--- What the exercise asks ---
Find the line containing "CRM困境：产品难做，销售难卖，系统难用", then return it and every line after it through the end of the records, exactly. Leave out pictures.
Data extract START
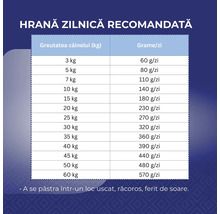 Tabel cu rația zilnică recomandată pentru câini, în funcție de greutate, în grame pe zi.
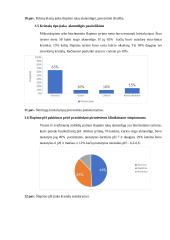 Pašarų daromos įtakos kačių šlapimo takų akmenligei analizė 18 puslapis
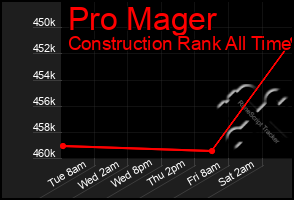 Total Graph of Pro Mager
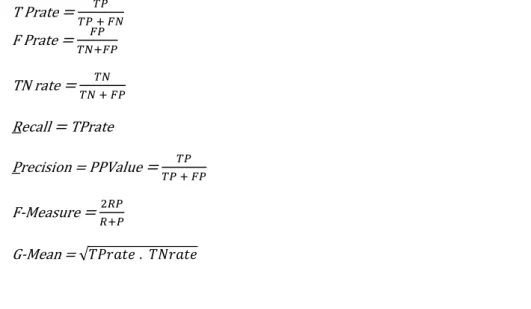 Table 1. Relationship pairwise classifier matrix [20] 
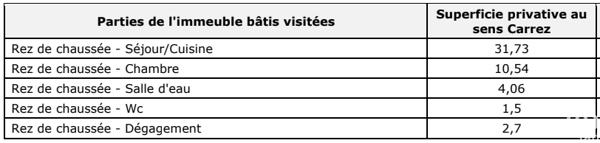 Appartement à vendre 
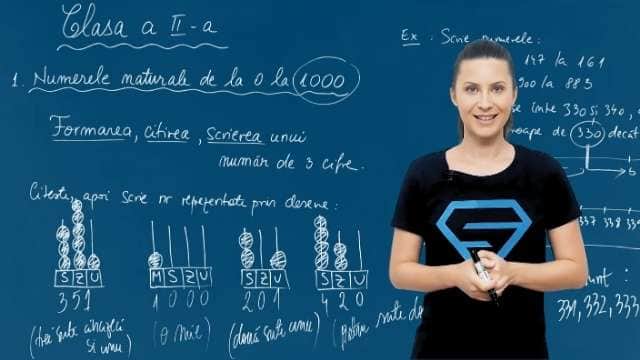 Formarea, citirea si scrierea numerelor naturale de la 0 la 1000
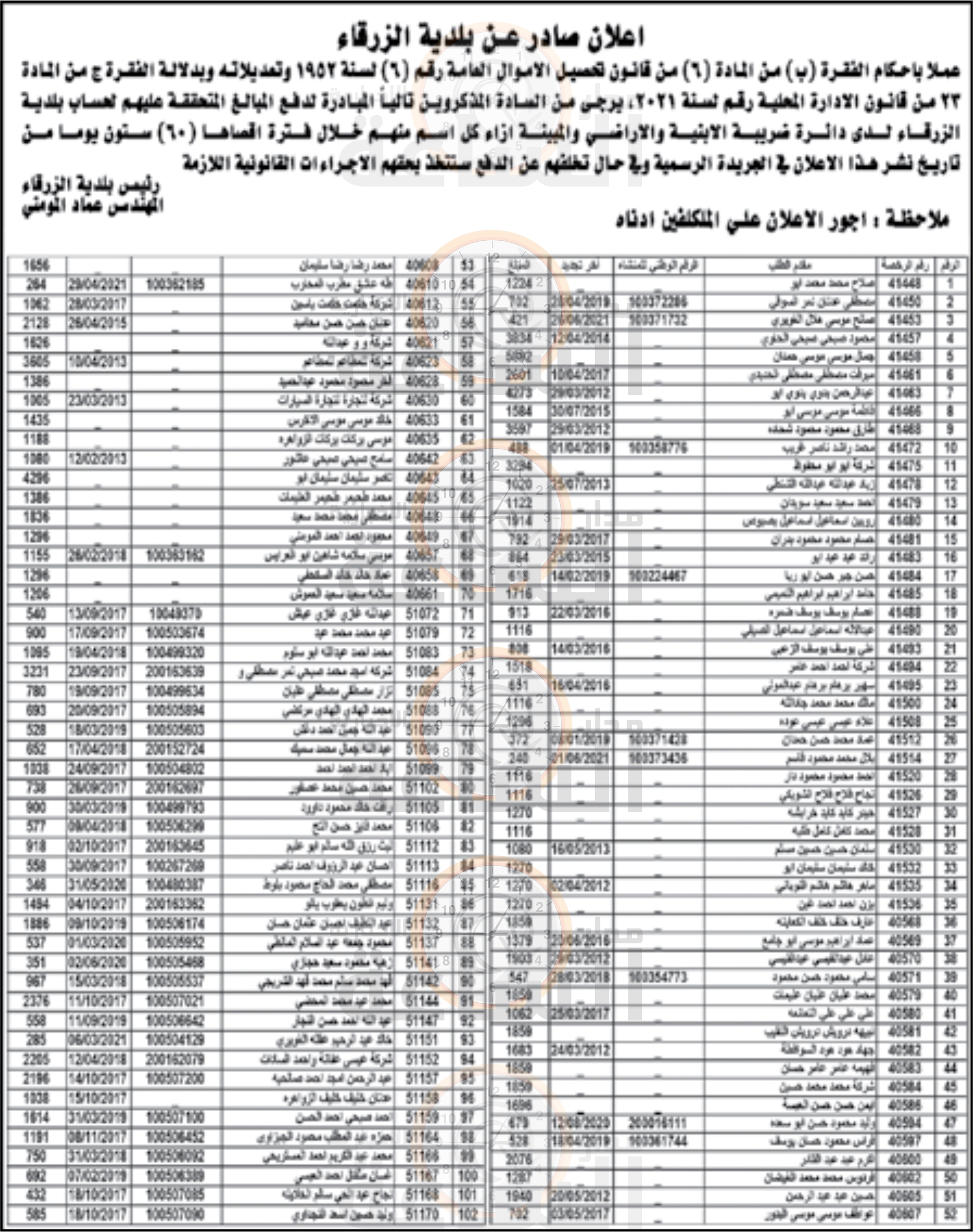 Madar Al-Saa Images 0.926265214110793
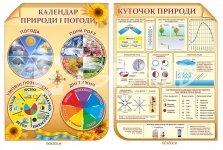 Комплект стендів  «Спостерігаємо за погодою»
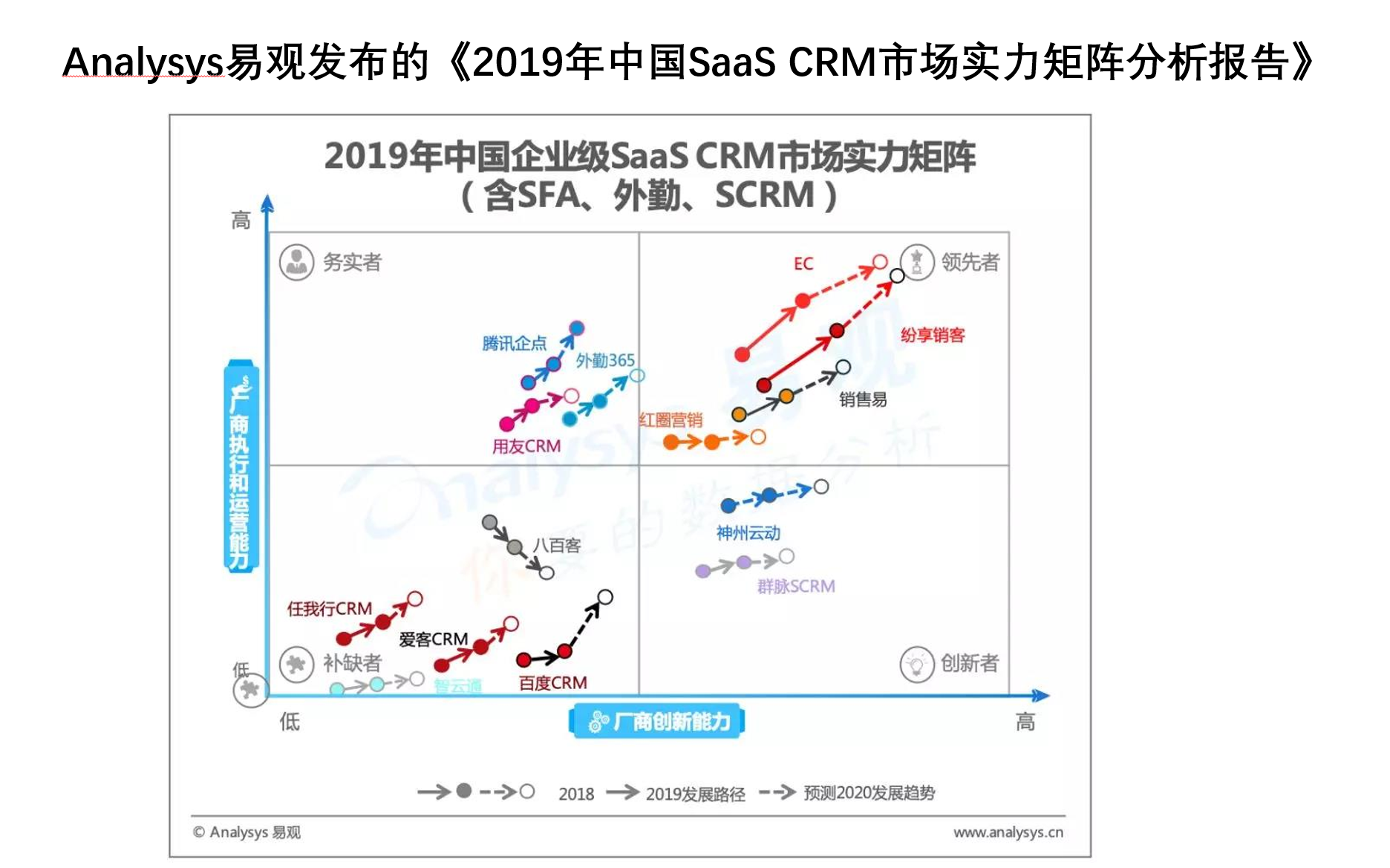 CRM困境：产品难做，销售难卖，系统难用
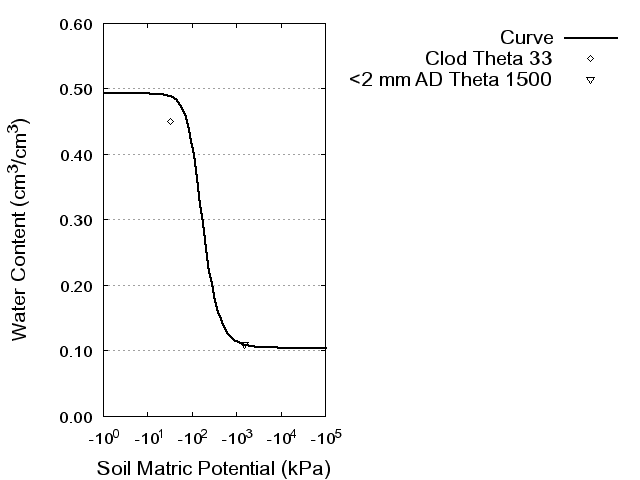 Soil Water Retention Curve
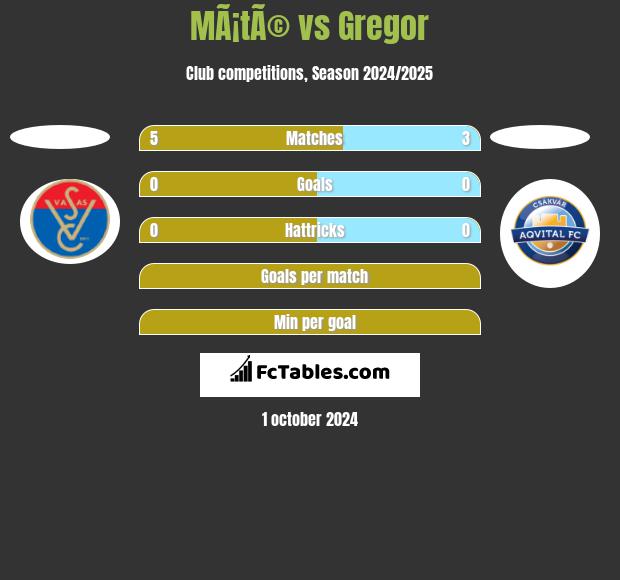 MÃ¡tÃ© vs Gregor h2h player stats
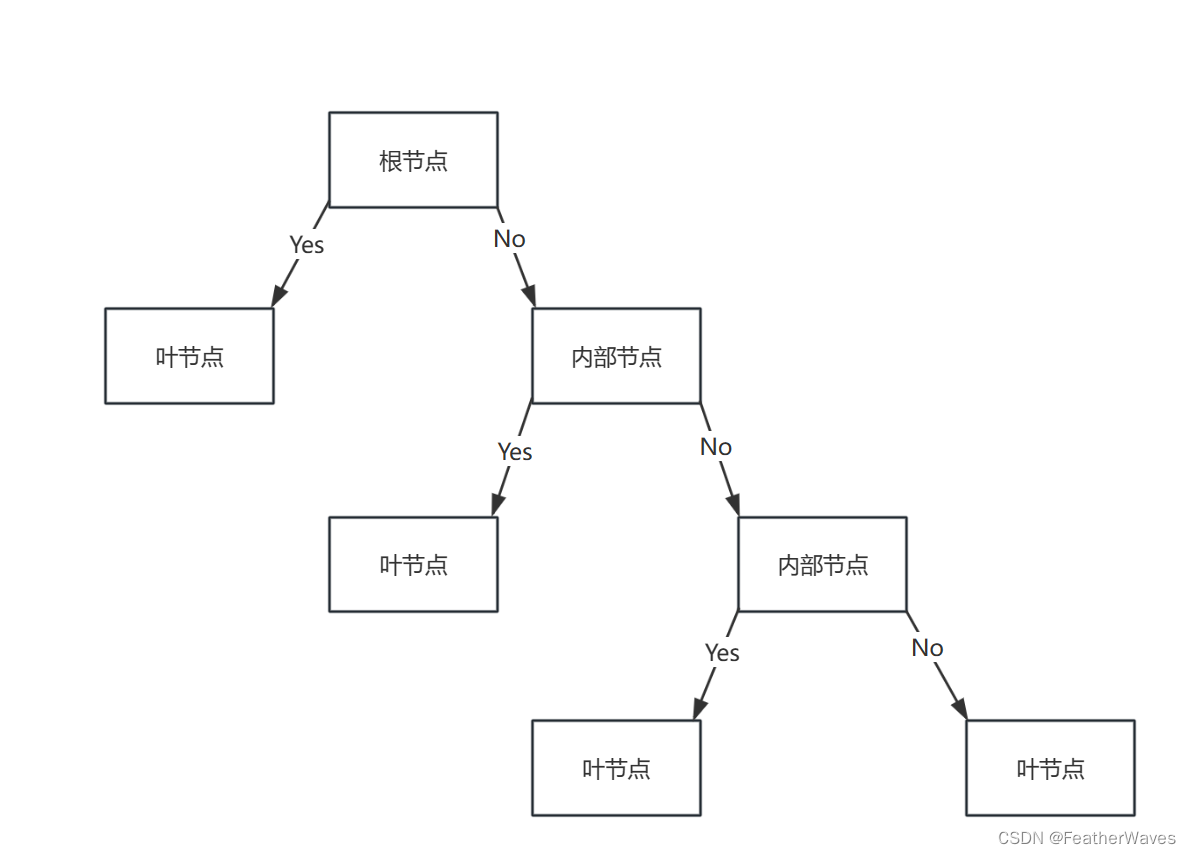 <span style='color:red;'>西瓜</span><span style='color:red;'>书</span>学习——<span style='color:red;'>决策</span><span style='color:red;'>树</span>形状、熵和<span style='color:red;'>决策</span><span style='color:red;'>树</span>的本质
Data extract END
--- Solution for this task ---
 CRM困境：产品难做，销售难卖，系统难用
 Soil Water Retention Curve
 MÃ¡tÃ© vs Gregor h2h player stats
 <span style='color:red;'>西瓜</span><span style='color:red;'>书</span>学习——<span style='color:red;'>决策</span><span style='color:red;'>树</span>形状、熵和<span style='color:red;'>决策</span><span style='color:red;'>树</span>的本质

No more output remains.